((

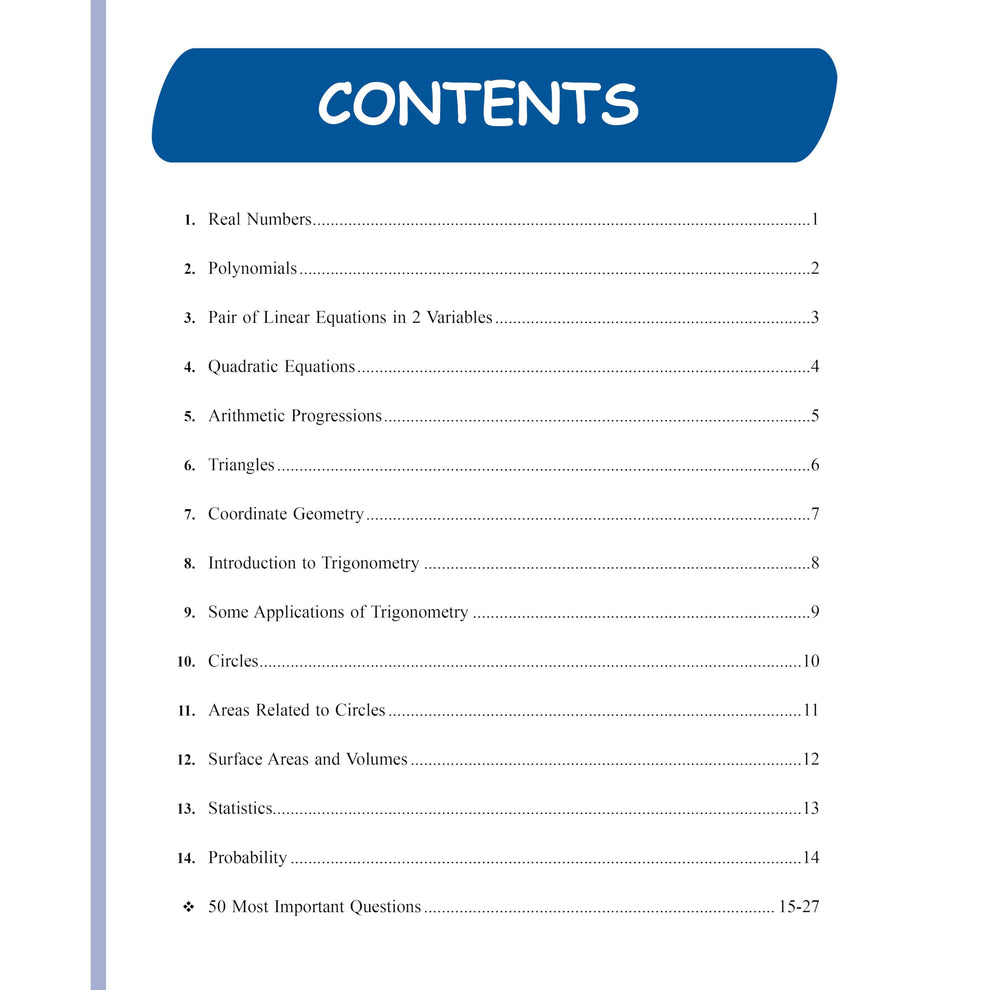 PW Project 45 CBSE Class 10 Mathematics Handwritten Notes 2026-27 By R ...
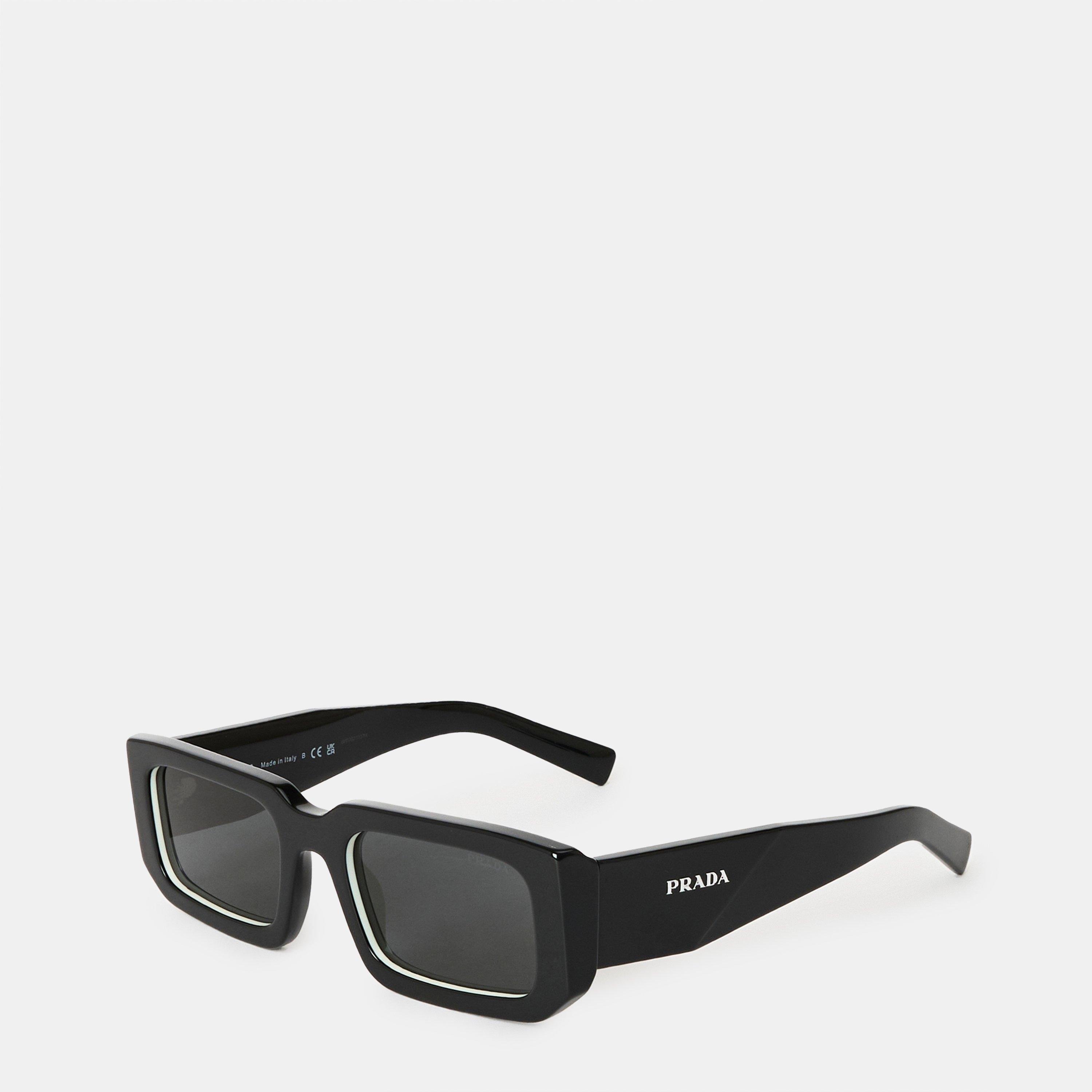 Prada Men's Symbole Sunglasses - Black/White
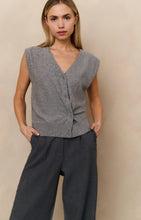 Load image into Gallery viewer, Knitted Gilet a-symmetric butt Yaya the Brand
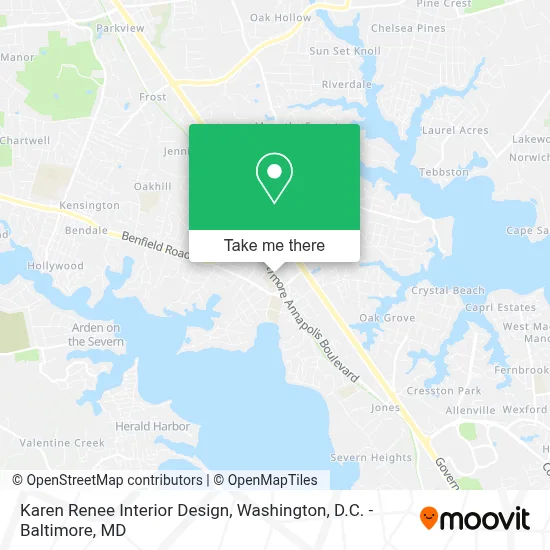 Karen Renee Interior Design map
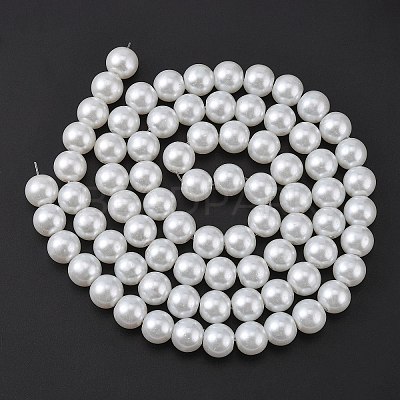 Glass Pearl Beads Strands X-HY-10D-B01-1-1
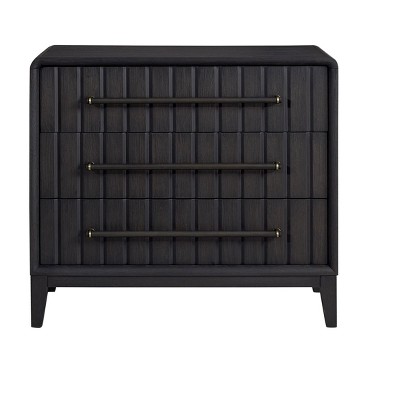 3 Drawer Bachelor Chest in Peppercorn Finish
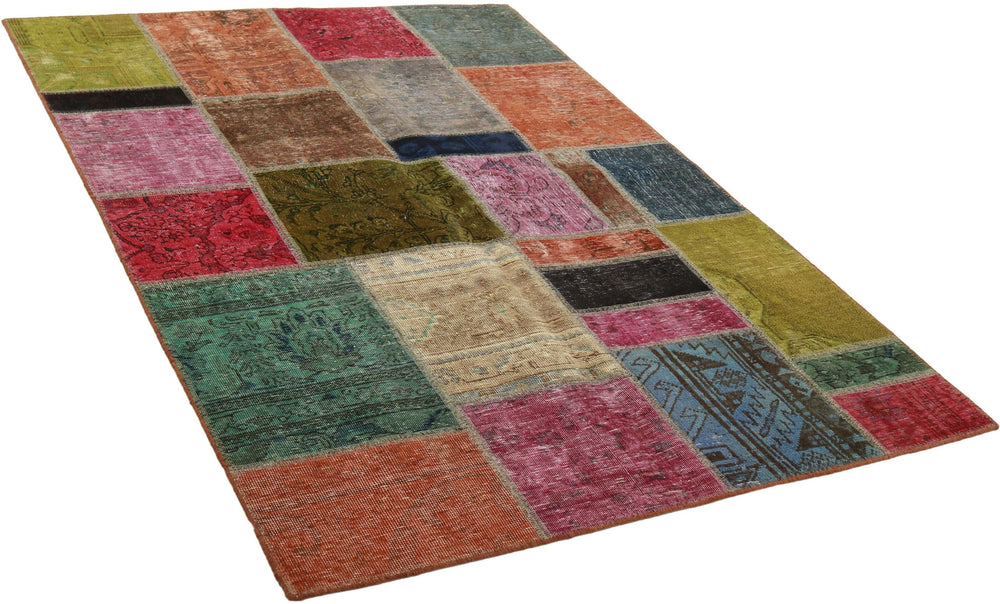 Vintage Royal Patchwork Rugs | Antique Persian Handcraft139 cm x 199 cm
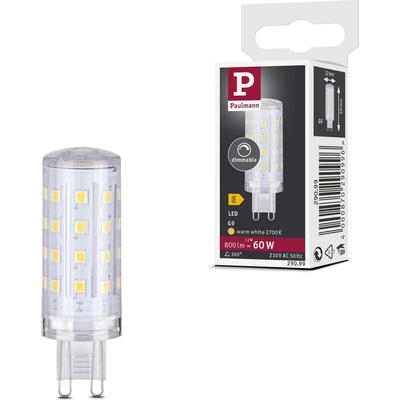 Paulmann Standard 230V LED G9 1ks-sada Dim 7,2W 2700K stmívatelné čirá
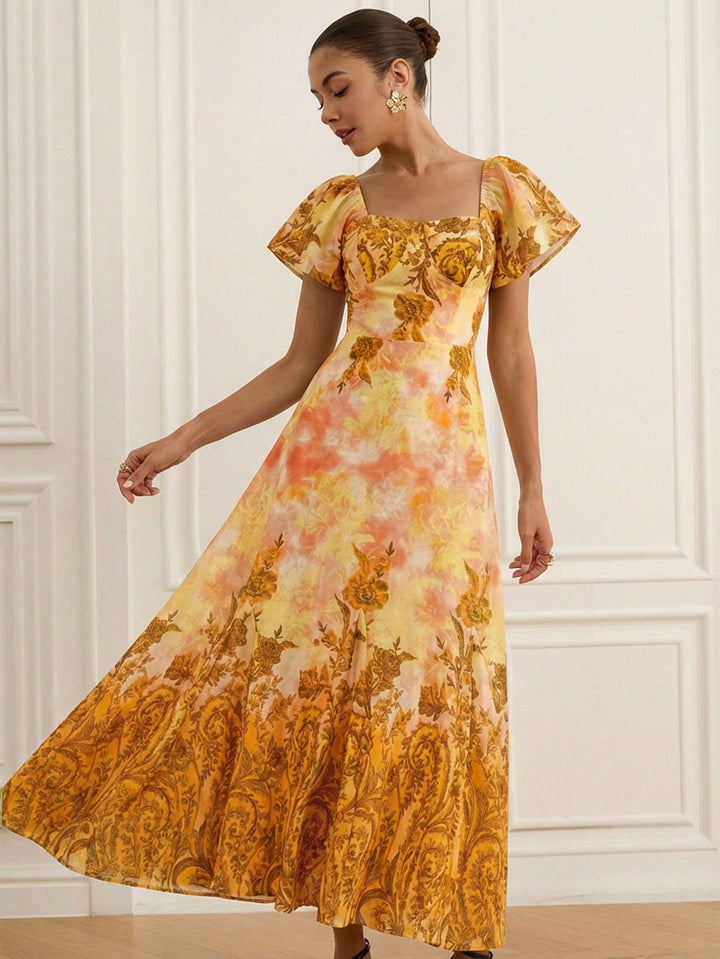 SHEIN narancssárga maxi ruha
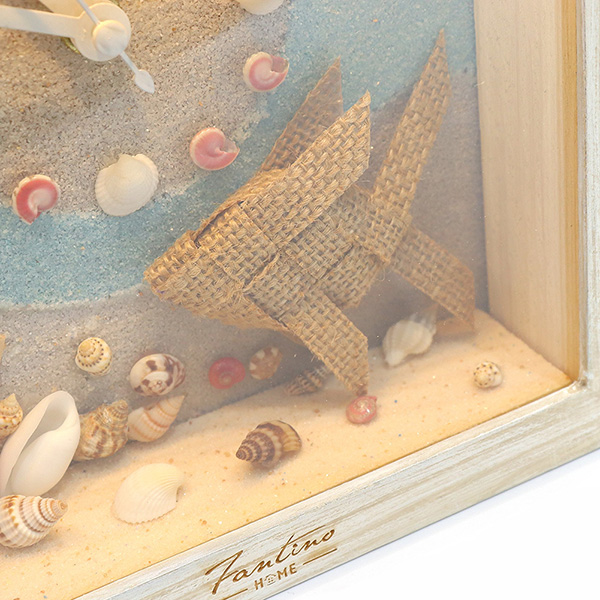 海洋深呼吸 手工木作時鐘-探索深海 魚右 家居品, 時鐘, 原木時鐘, 海洋時鐘, 手工時鐘, 療癒時鐘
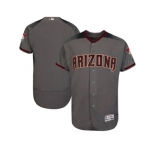 Arizona Diamondbacks Majestic Gray 2017 Flex Base Authentic Jersey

))

Return the whole listing exactly, minus its pictures.

 PW Project 45 CBSE Class 10 Mathematics Handwritten Notes 2026-27 By R ...
 Prada Men's Symbole Sunglasses - Black/White
 Load image into Gallery viewer, Knitted Gilet a-symmetric butt Yaya the Brand
 Karen Renee Interior Design map
 Glass Pearl Beads Strands X-HY-10D-B01-1-1
 3 Drawer Bachelor Chest in Peppercorn Finish
 Vintage Royal Patchwork Rugs | Antique Persian Handcraft139 cm x 199 cm
 Paulmann Standard 230V LED G9 1ks-sada Dim 7,2W 2700K stmívatelné čirá
 SHEIN narancssárga maxi ruha
 海洋深呼吸 手工木作時鐘-探索深海 魚右 家居品, 時鐘, 原木時鐘, 海洋時鐘, 手工時鐘, 療癒時鐘
 Arizona Diamondbacks Majestic Gray 2017 Flex Base Authentic Jersey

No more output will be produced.